Advancing Therapies for Children and Adults with Rare Tumors or Genetic Tumor Predisposition Syndromes
Dr. Widemann is the Chief of the National Cancer Institute’s (NCI’s) Pediatric Oncology Branch. Trained as a pediatric oncologist with expertise in drug development and early clinical trials for children with refractory cancers she applied her expertise to study genetic tumor predisposition syndromes (GTPS), in particular neurofibromatosis type 1 (NF1) and very rare pediatric and adult solid tumors. These efforts resulted in the understanding of the natural history and biology of NF1 related and other solid tumors and in the development of novel, meaningful trial endpoints and outcome measures. Based on the results of her clinical trials, the FDA approved the first medical therapy, the MEK inhibitor selumetinib, for children with NF1 and inoperable and symptomatic plexiform neurofibromas in 2020. Dr. Widemann is also co-leading a Cancer Moonshot funded effort, which aims to accelerate the understanding of very rare pediatric and young adult solid tumors with unmet medical need and the development of therapeutic trials through a collaboration of patients, advocates, clinicians, extramural researchers, and other partners.

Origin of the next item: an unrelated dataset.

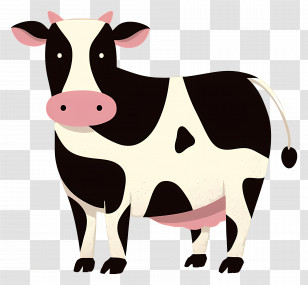 Cute Cow - Black And White Cow Cartoon Illustration Transparent PNG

Dr. Widemann will define rare tumors and genetic tumor predisposition syndromes and their unmet medical need. This will be followed by approaches taken in the NIH intramural research program, which provides unique resources to study rare tumors. She will highlight this in examples of NF1, RASopathies, and other rare tumors in children and adults. In addition to providing examples of advances, Dr. Widemann will highlight remaining challenges and future directions. Throughout the talk, she will provide examples how teamwork and collaboration is critical to advance the development of effective therapies for rare tumors.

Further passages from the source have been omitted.